→ Recorded data:

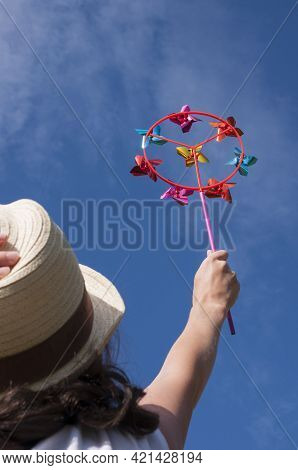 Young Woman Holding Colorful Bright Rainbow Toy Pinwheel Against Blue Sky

* * *

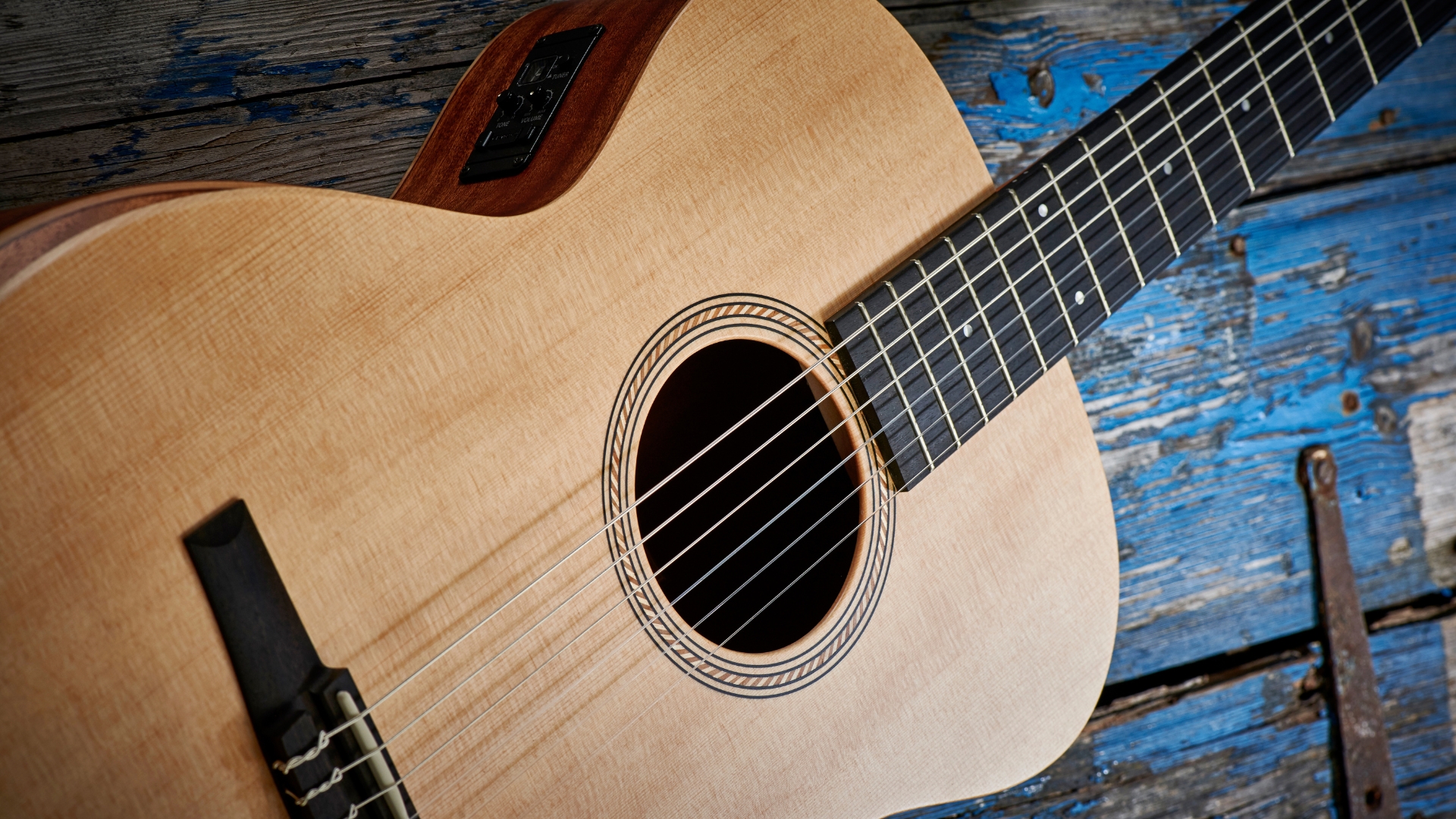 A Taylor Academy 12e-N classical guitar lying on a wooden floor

---

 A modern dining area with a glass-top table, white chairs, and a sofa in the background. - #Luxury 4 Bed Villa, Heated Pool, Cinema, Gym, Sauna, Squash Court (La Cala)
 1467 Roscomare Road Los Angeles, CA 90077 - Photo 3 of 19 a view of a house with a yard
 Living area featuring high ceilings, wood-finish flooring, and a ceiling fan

→ Activity:
Copy each line in the entries above where "with" turns up.

→ Result for this task:
 A modern dining area with a glass-top table, white chairs, and a sofa in the background. - #Luxury 4 Bed Villa, Heated Pool, Cinema, Gym, Sauna, Squash Court (La Cala)
 1467 Roscomare Road Los Angeles, CA 90077 - Photo 3 of 19 a view of a house with a yard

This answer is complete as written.